The focus would be on design rather than construction, since construction cannot begin on any part of the Waller Creek Master Plan until the tunnel project is completed in 2014, and the November bond, if passed, is expected to cover only projects that can be completed in two years. Committee Chairman Sam Archer urged the group to start identifying aspects of the plan that could be included in a bond and also to look for other sources of funding. “This is our work, from here on out,” he said. “To figure out how we tie all these elements together.”

 

Last night’s town hall meeting included about an hour of give-and-take around seven stations tied to various aspects of the plan. Members of the advisory committee, led by Chair Sam Archer, laid out themes that emerged from a number of those stations during a wrap up of the evening’s session: 

 

Master Plan – Attendees wanted to encourage lower-rise development and preserving Austin’s heritage in the area. Some speakers had questions about enhanced mass transit, one requested a sidewalk study along major corridors, and another argued that parking garages next to Waterloo Park should be included in the redevelopment mix.

 

Bike and Ped Circulation Concept – Several speakers expressed concerns about the proper balance of bikes and non-bike traffic, either in separated or combined lanes. Attendees raised questions as to whether Red River is broad enough to accommodate a bicycle lane. Finding the proper balance was the overall theme.

 

Environmental Restoration – Several participants expressed opinions concerning the mix of the natural environment and new development. They asked questions about how the delta and small islands in Waller Creek would be protected. Some were concerned about the removal of trees from Waterloo Park. Most attendees in this group wanted to see a balance between low-scale development and nature.
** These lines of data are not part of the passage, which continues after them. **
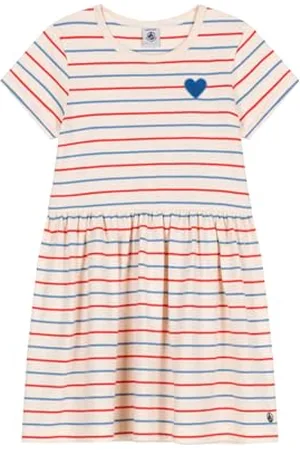 Petit Bateau Dziewczęca sukienka z krótkim rękawem, , 3 lat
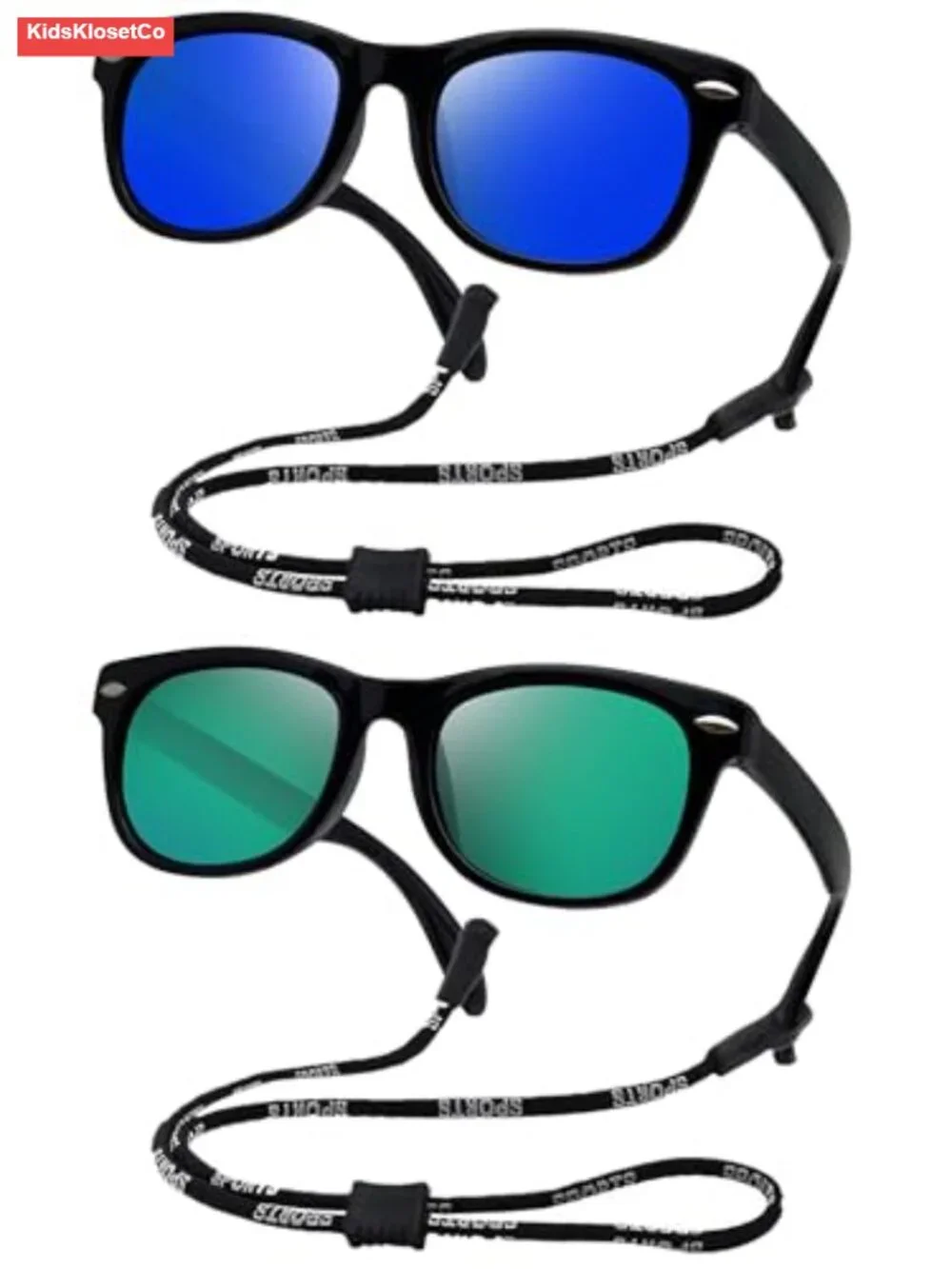 Flexible Polarized Sunglasses for Kids with Strap (ages 3-10)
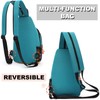Semikk Small Sling Bag Crossbody Backpack for Men Women Sling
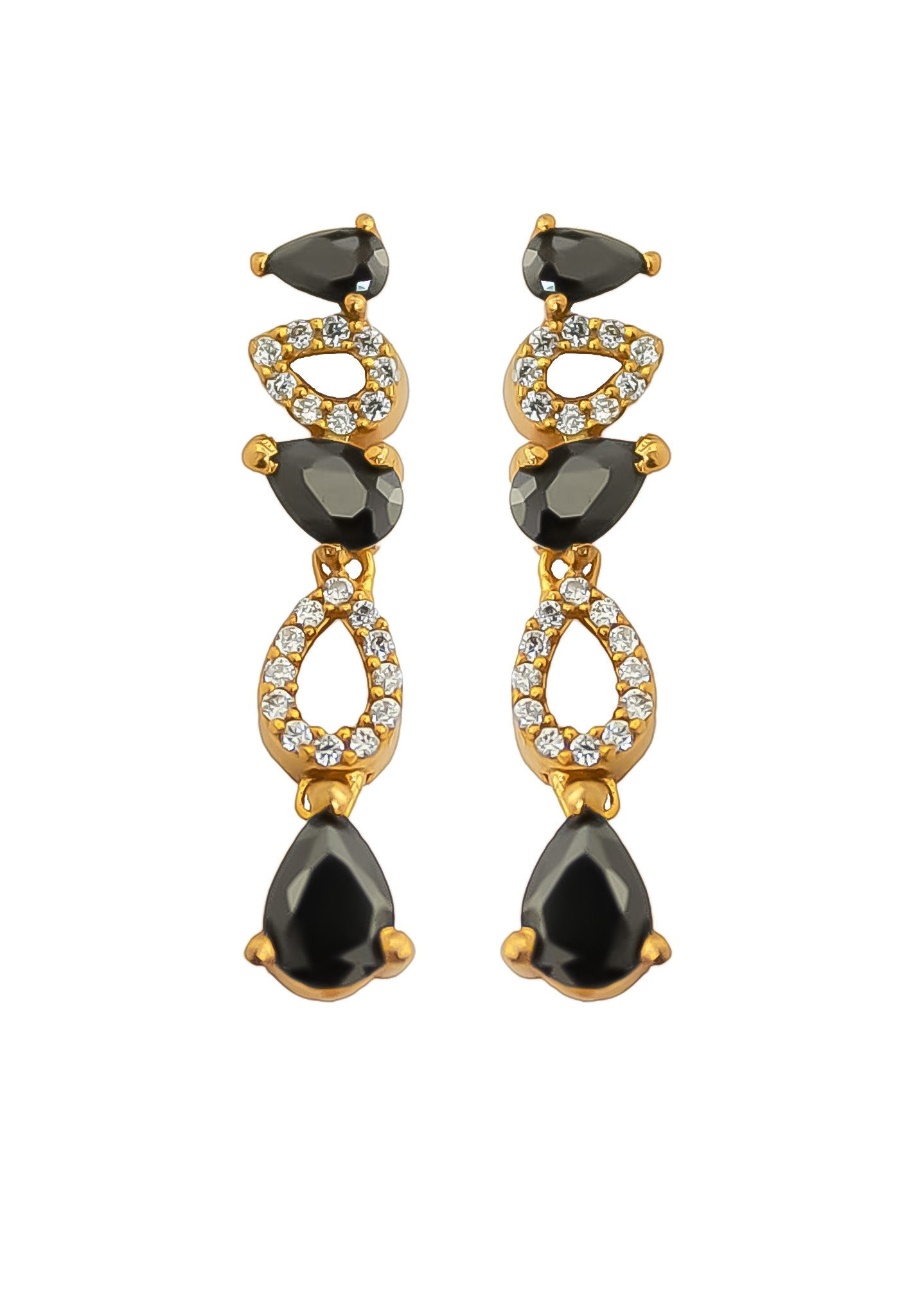 Florence Earrings - 18K Gold-Plated with Zirconia Stones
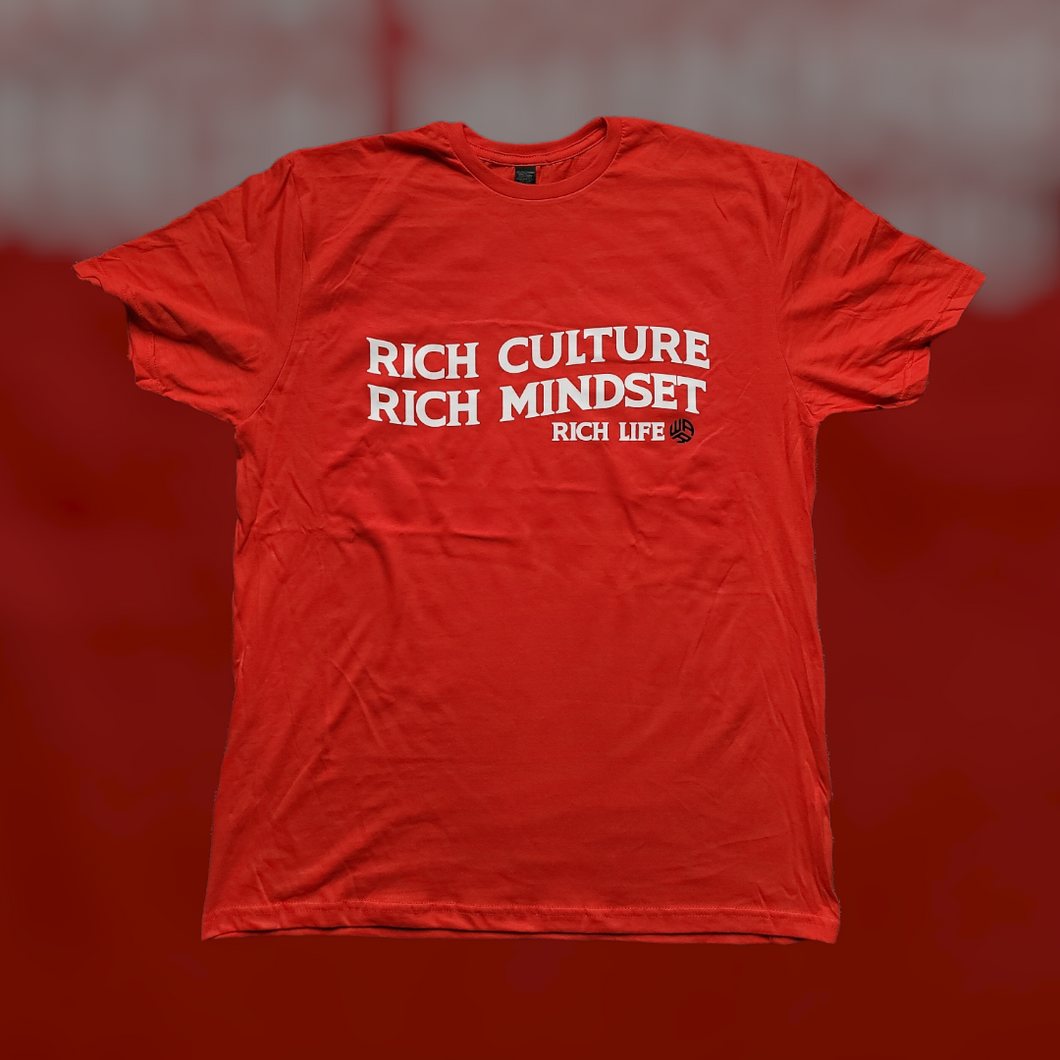 Rich Life Red Tee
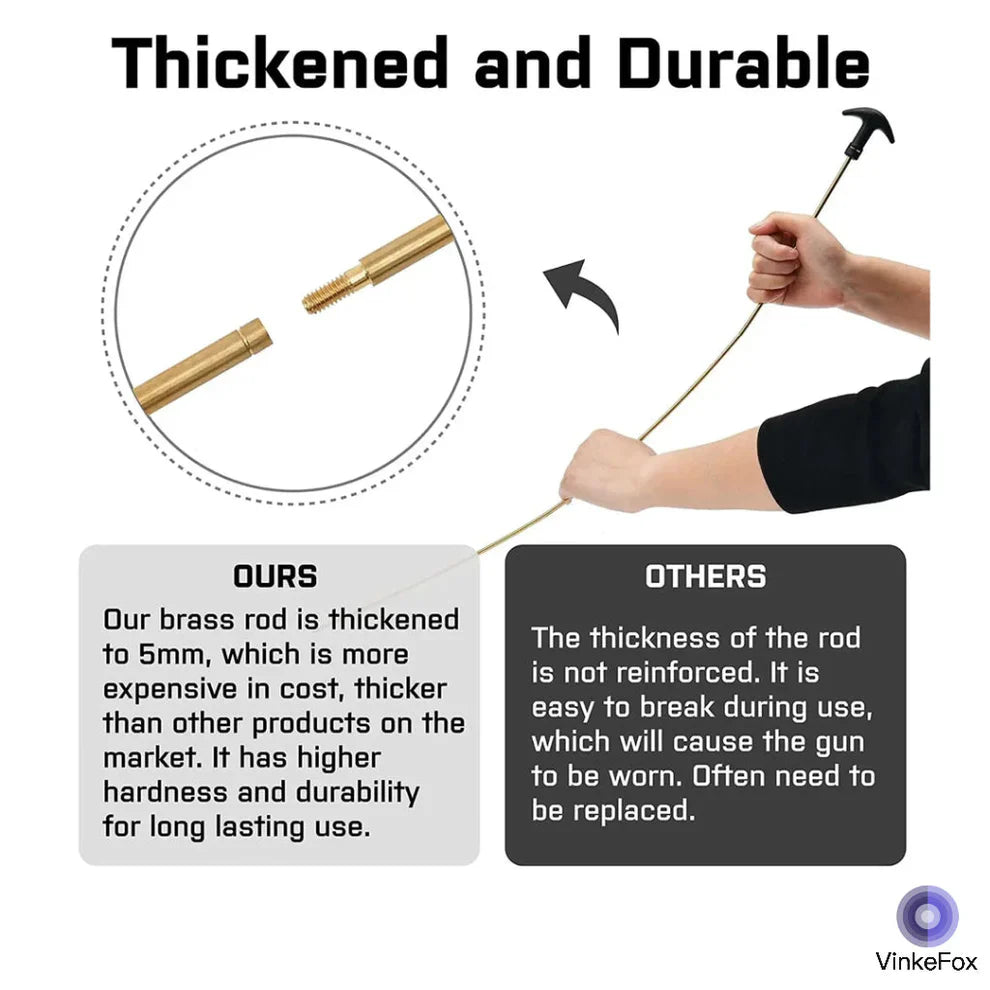 VinkeFox Universal Gun Cleaning Kit for All Guns Brass Jags & Loops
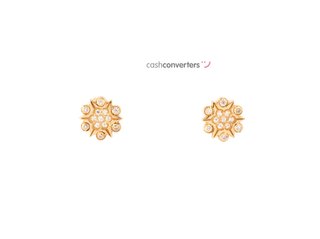 pendientes oro 18k con piedra con circonita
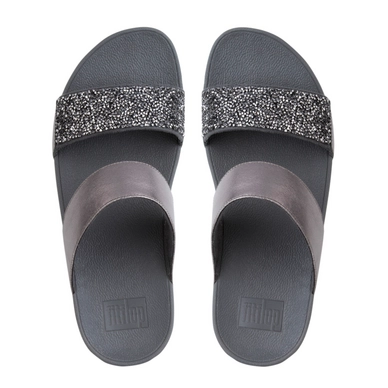 Slipper FitFlop Sparklie™ Crystal Slide Pewter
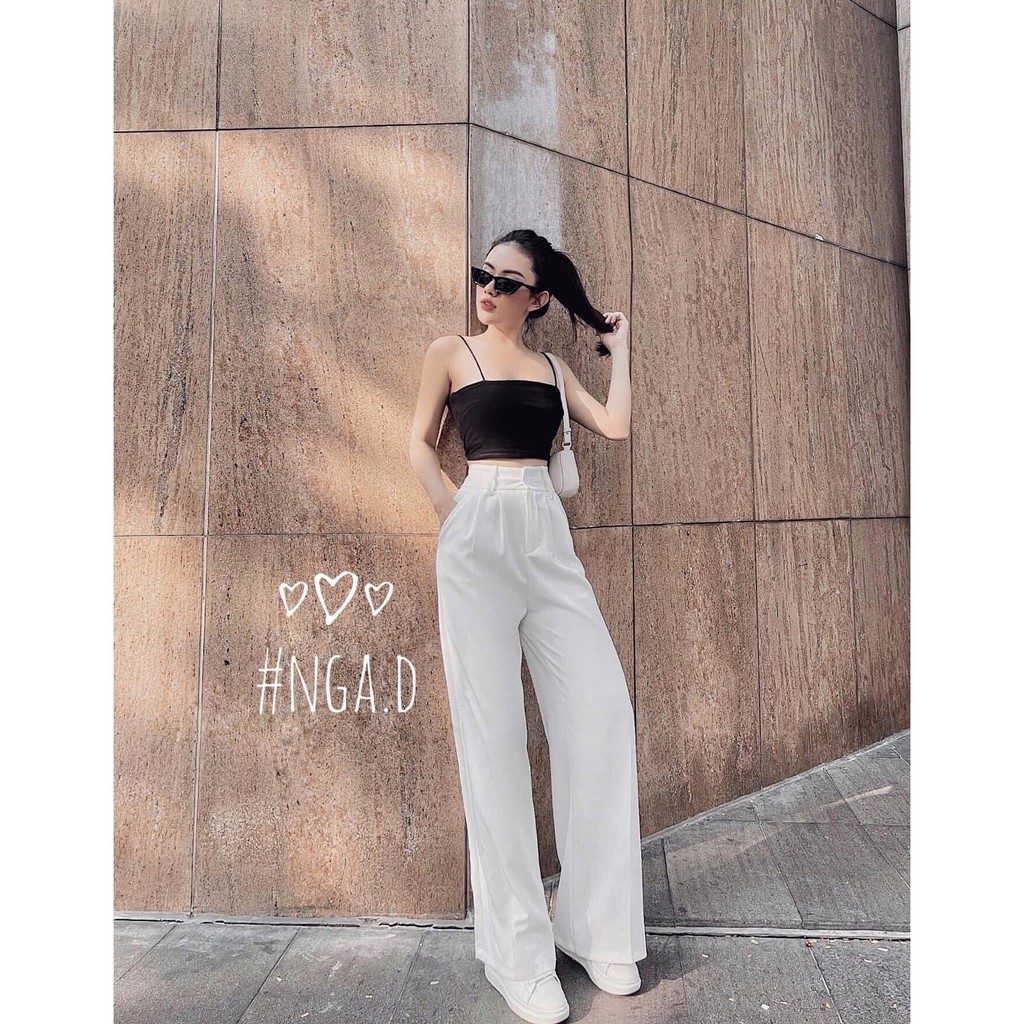 [XẢ HÀNG] Quần ống rộng suông khoá trước, chất vải ruby xuất hàn cao cấp, mặc lên tôn dáng cho các chị em | BigBuy360 - bigbuy360.vn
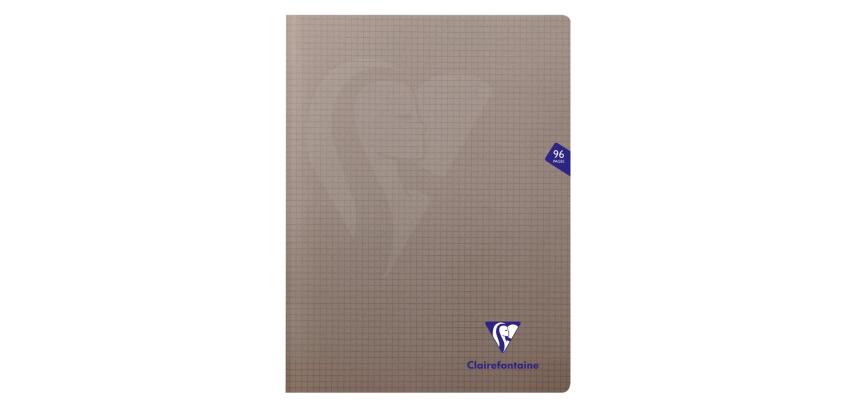 Cahier piqué Mimesys 24x32cm 96 pages petits carreaux couverture polypropylène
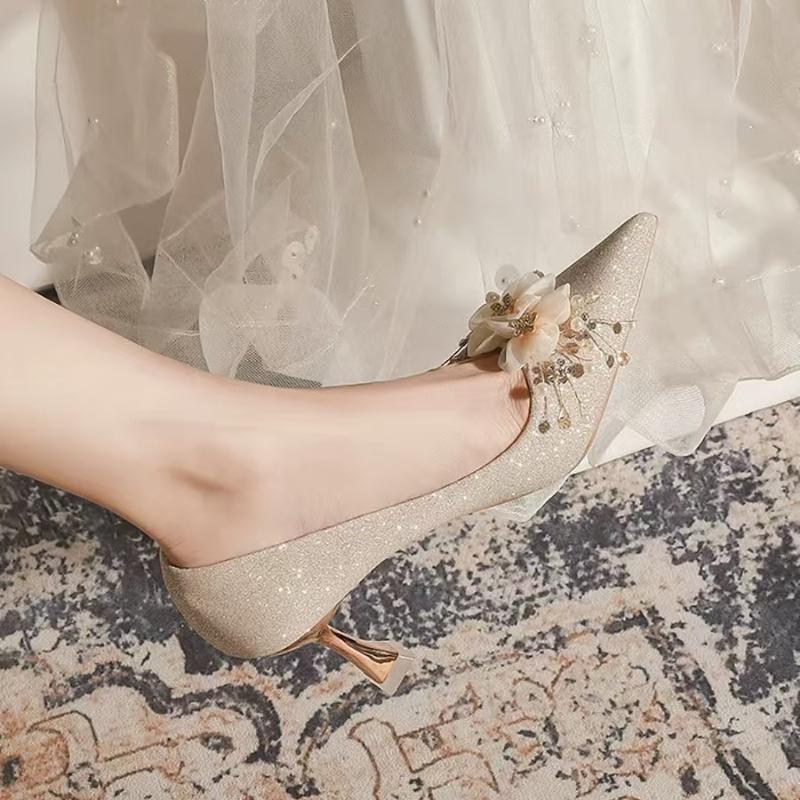 Fashion Designer Fashion Comfortable High Heel Shoes Women 2024 New Elegant Pointed Toe Shallow Mouth Slim Heel Shoes Shoes for Women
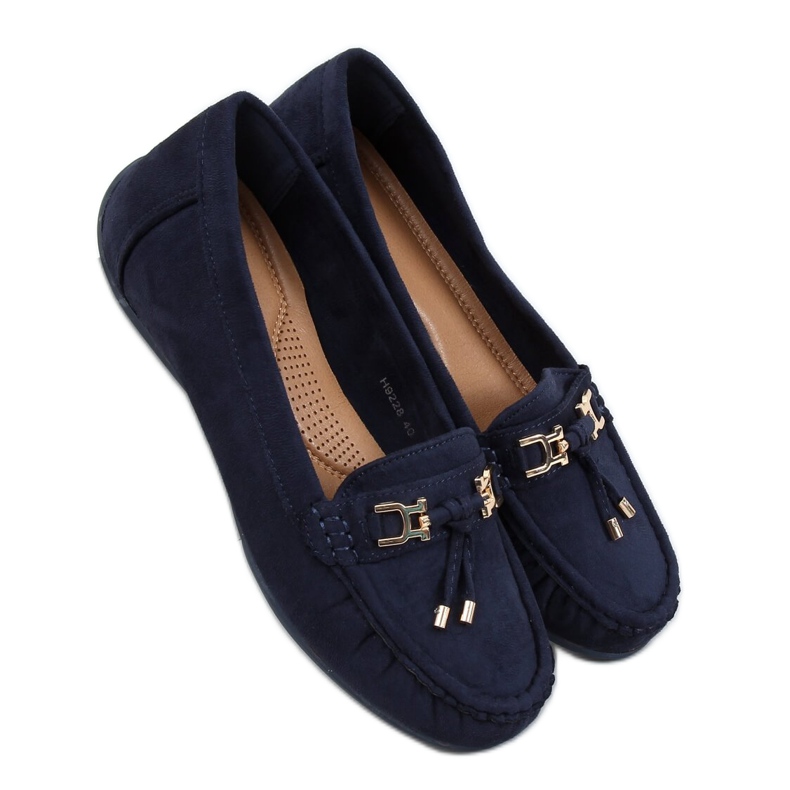 Mocasini dama cu platformă bleumarin H9228 Azul albastru marin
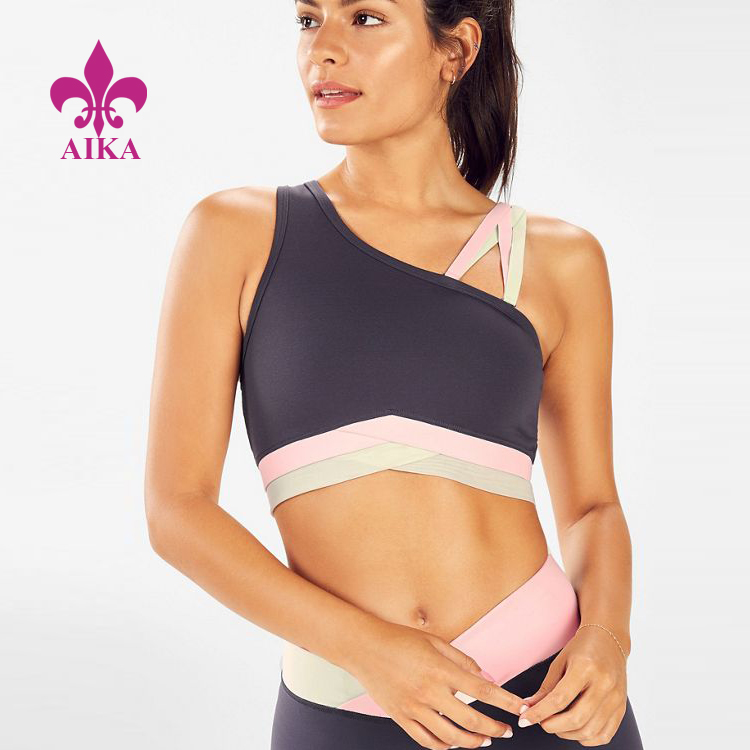 New apparel women stylish asymmetrical sportswear running&yoga fitness sports yoga bra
Many commented on how parking would fold into the development.

 

Proposed Development Standards – Attendees encouraged the city to go beyond the basic ADA requirements and make the space enjoyable for everyone. They expressed concerns about traffic spillover and connectivity on the south end of Waller. One speaker made a suggestion to incorporate a shoreline sculpture garden, while another expressed a desire to see affordable housing written into the standards. Still another wrote that tall buildings should be shifted to Congress Avenue: “We want to be more like Montreal, not Vancouver.” Someone suggested public restrooms.

 

Implementation and Next Steps – Funding and where to find it was a big question in this group. Attendees suggested different project phasing. Those who commented wanted a plan that would not be left on the shelf. Attendees supported continued public events and feedback opportunities to maintain momentum.

 

In his closing remarks, Archer said that the Waller Creek Citizens Advisory Committee would be supporting the Waller Creek plan as it moved through the approval process. The plan should hit the Planning Commission in May and Council in June.

 

The group also intended to support a number of other initiatives: the initiation of a procurement process to bring a landscape architect on board to complete the final design and engineering for the trail and corridor improvement projects along Waller Creek; a heightened regimen of maintenance and security along the creek; the coordination and staging of public events, fairs, and performances throughout the creek corridor; the promotion of the trail improvement project through marketing and publicity; and an evaluation of options to present recommendations on potential public-private partnerships to fund the improvements.